Task description
For this exercise, retype each line of the material below verbatim and omit any picture.

Dataset content
^^^^

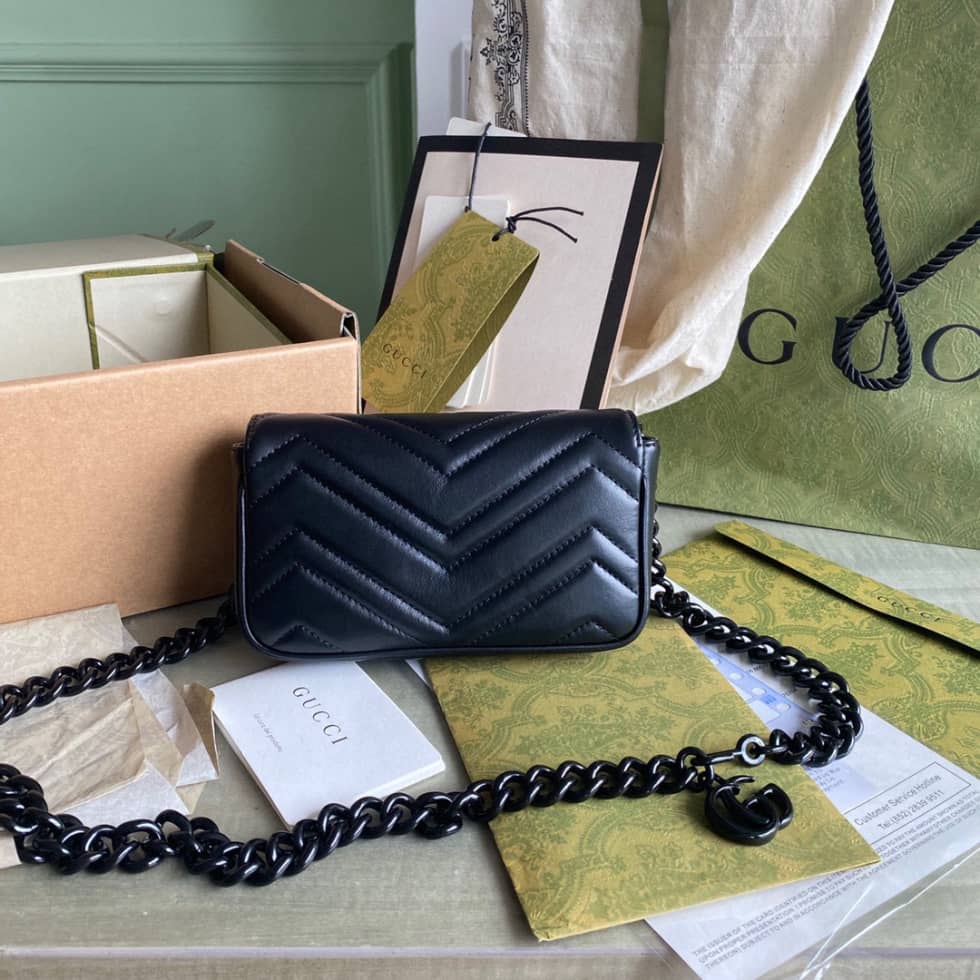 Best Replica Gucci GG Marmont Quilting Super Mini 476433 Replica Crossbody Bag - Colareps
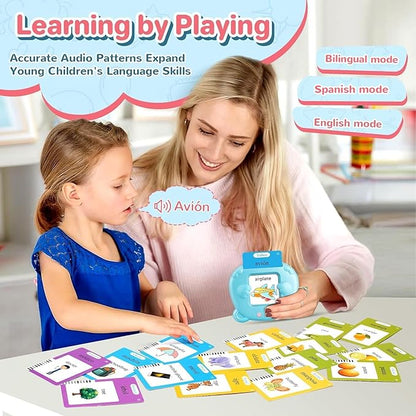Spanish & English Talking Flash Cards for Toddler 1-6 Year Olds, Learning Montessori Toys with 224 Sight Words, Speech Therapy Toys, Children's Sensory Preschool Learning Educational Birthday Gifts
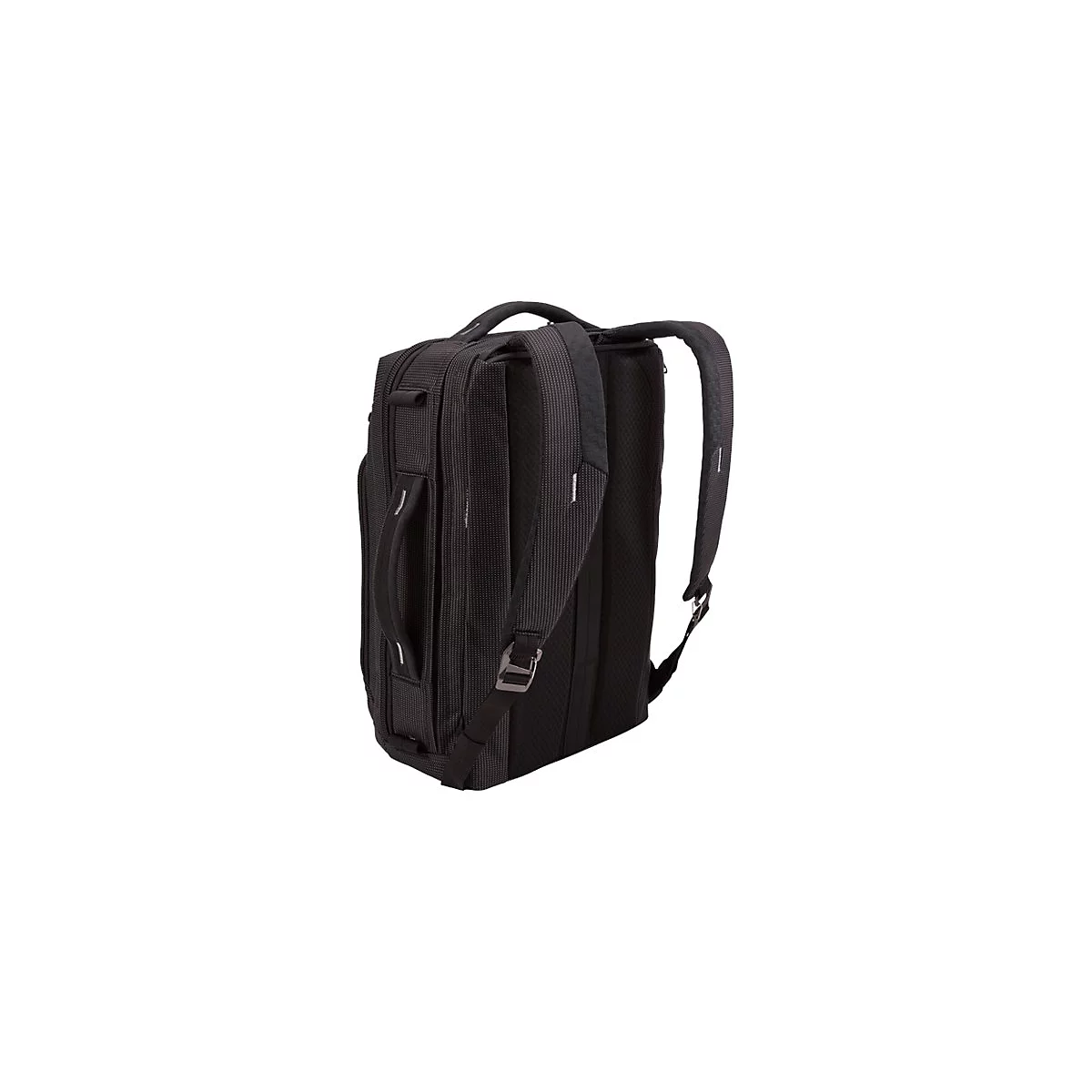 Schwarzer Rucksack mit gepolsterten Schultergurten und Tragegriff.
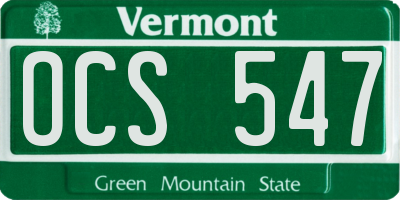 VT license plate OCS547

^^^^

Answer to this task
 Best Replica Gucci GG Marmont Quilting Super Mini 476433 Replica Crossbody Bag - Colareps
Spanish & English Talking Flash Cards for Toddler 1-6 Year Olds, Learning Montessori Toys with 224 Sight Words, Speech Therapy Toys, Children's Sensory Preschool Learning Educational Birthday Gifts
 Schwarzer Rucksack mit gepolsterten Schultergurten und Tragegriff.
 VT license plate OCS547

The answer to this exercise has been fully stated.